▶ _ASSIGNED TASK_: Transcribe the lines below verbatim, skipping the images.

▶ _PROVIDED MATERIAL_:
Content starts
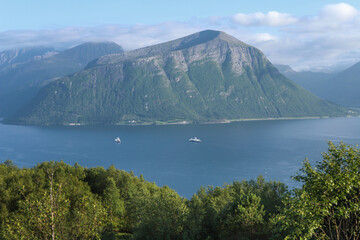 Obraz premium Beautiful norwegian fjord landscape with ferries operating at Solavagen pier. Storfjorden fjord with steep mountain slopes in the sunnmore region of Norway.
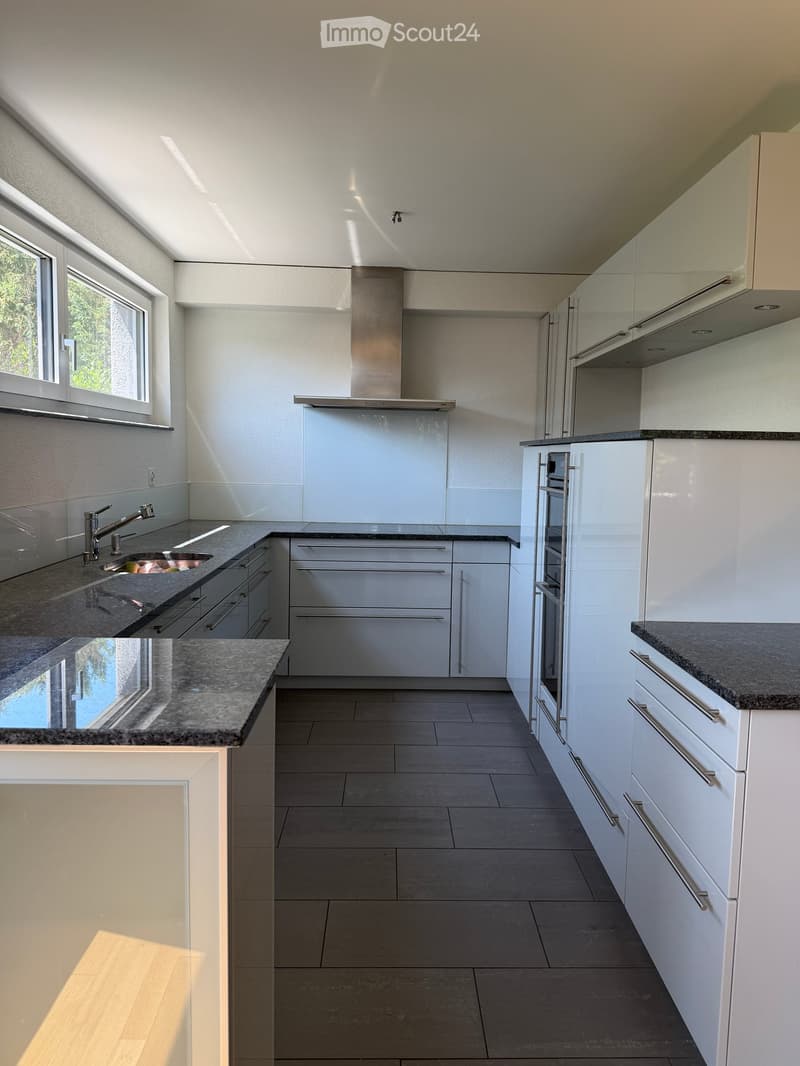 Modern kitchen with white cabinets, granite countertops, stainless steel appliances, and large windows allowing natural light.
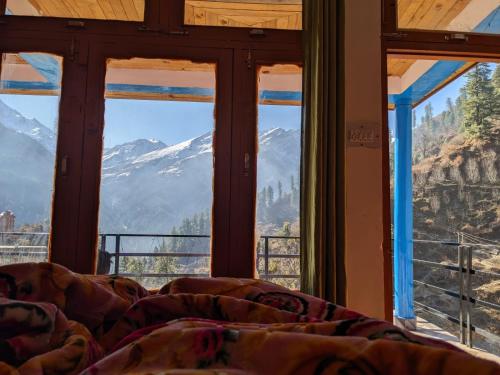 Łóżko w pokoju z widokiem na góry w obiekcie Vigyan Guest House Tosh w mieście Tosh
Content ends
▶ _ANSWER TO THE EXERCISE_:
 Obraz premium Beautiful norwegian fjord landscape with ferries operating at Solavagen pier. Storfjorden fjord with steep mountain slopes in the sunnmore region of Norway.
 Modern kitchen with white cabinets, granite countertops, stainless steel appliances, and large windows allowing natural light.
 Łóżko w pokoju z widokiem na góry w obiekcie Vigyan Guest House Tosh w mieście Tosh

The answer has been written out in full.